● Instructions for the task: Only the lines from the one containing "vidaXL Φυτοδοχείο γκρι" to the end of the data below belong in the answer, each repeated exactly; no pictures.
*** Opening Given records ***
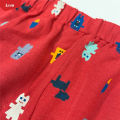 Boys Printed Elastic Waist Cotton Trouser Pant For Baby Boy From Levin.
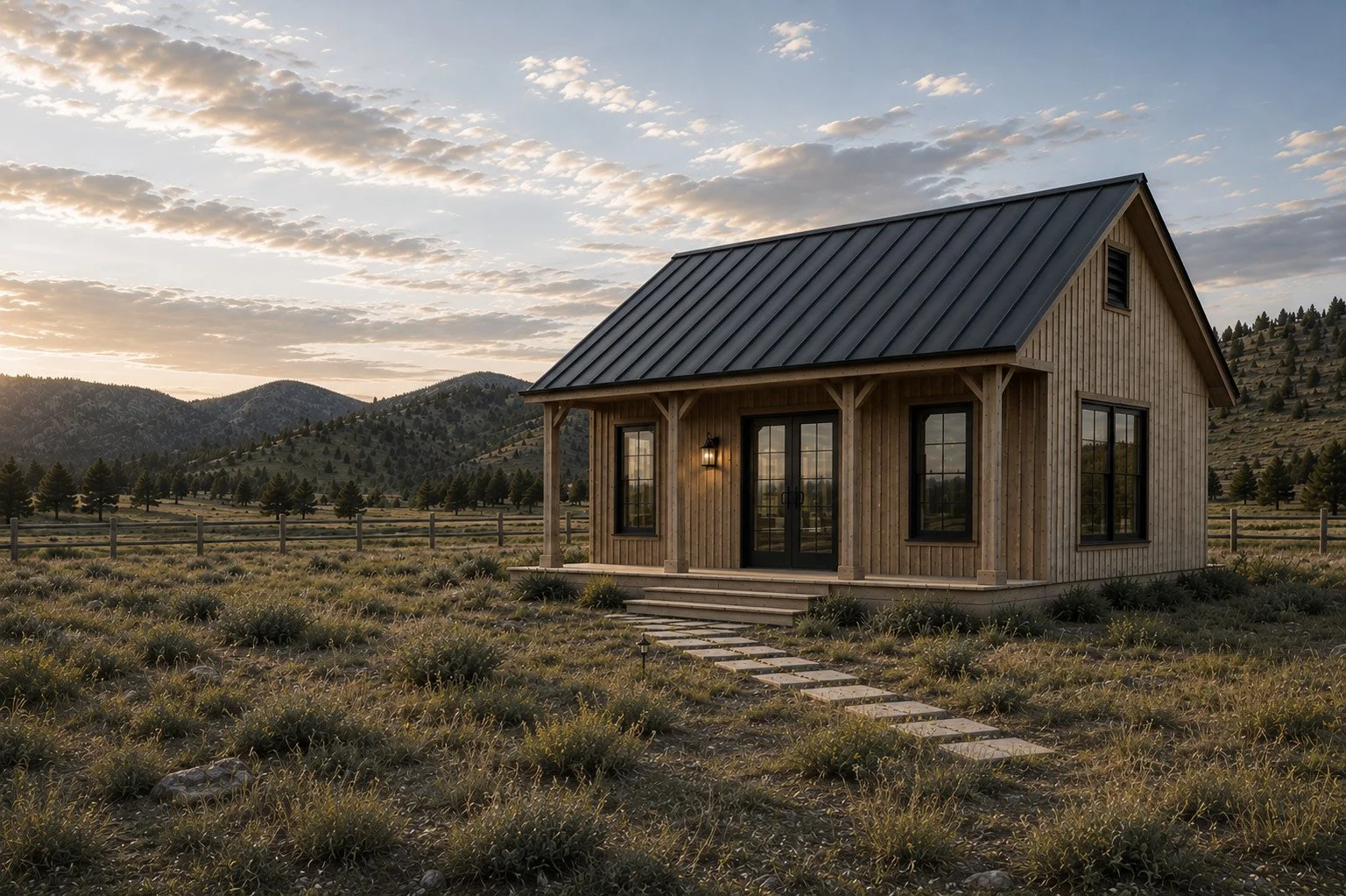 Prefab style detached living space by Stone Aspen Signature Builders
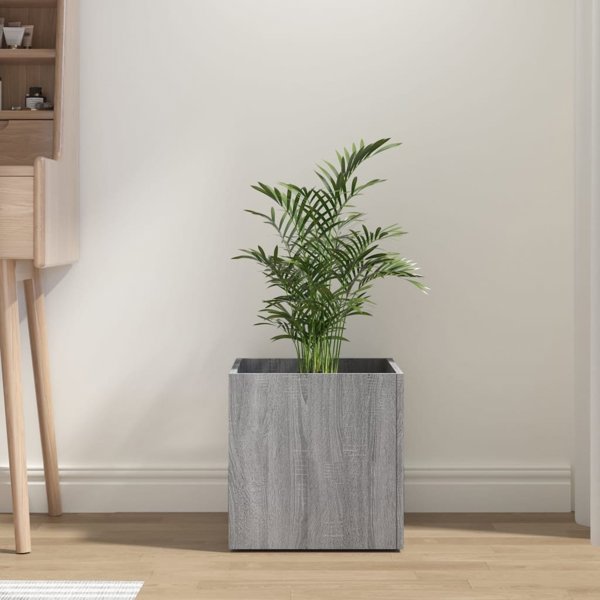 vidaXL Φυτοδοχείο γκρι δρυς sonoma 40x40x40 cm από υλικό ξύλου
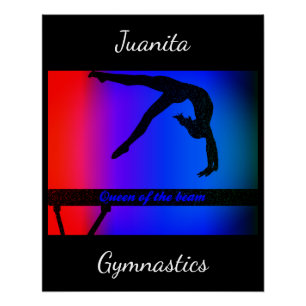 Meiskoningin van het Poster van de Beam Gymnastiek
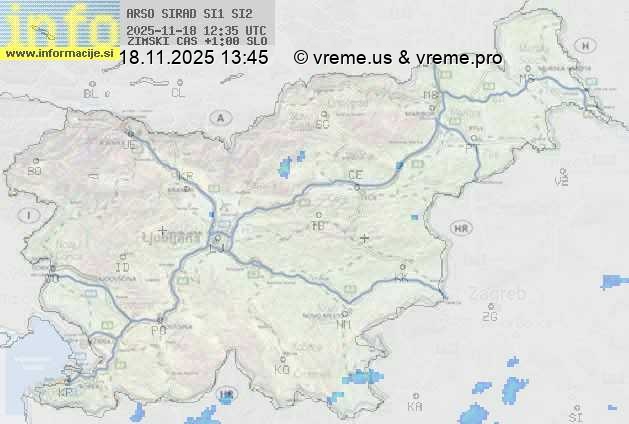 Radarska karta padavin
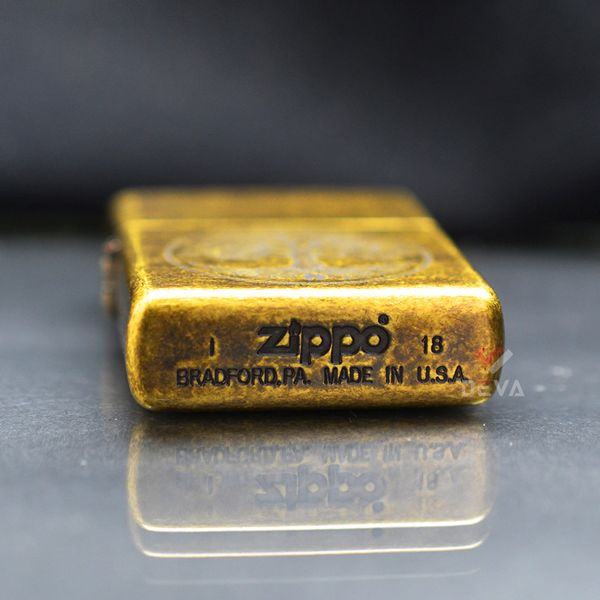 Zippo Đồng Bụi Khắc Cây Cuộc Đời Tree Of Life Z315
*** Closing Given records ***
● Written answer:
 vidaXL Φυτοδοχείο γκρι δρυς sonoma 40x40x40 cm από υλικό ξύλου
 Meiskoningin van het Poster van de Beam Gymnastiek
 Radarska karta padavin
 Zippo Đồng Bụi Khắc Cây Cuộc Đời Tree Of Life Z315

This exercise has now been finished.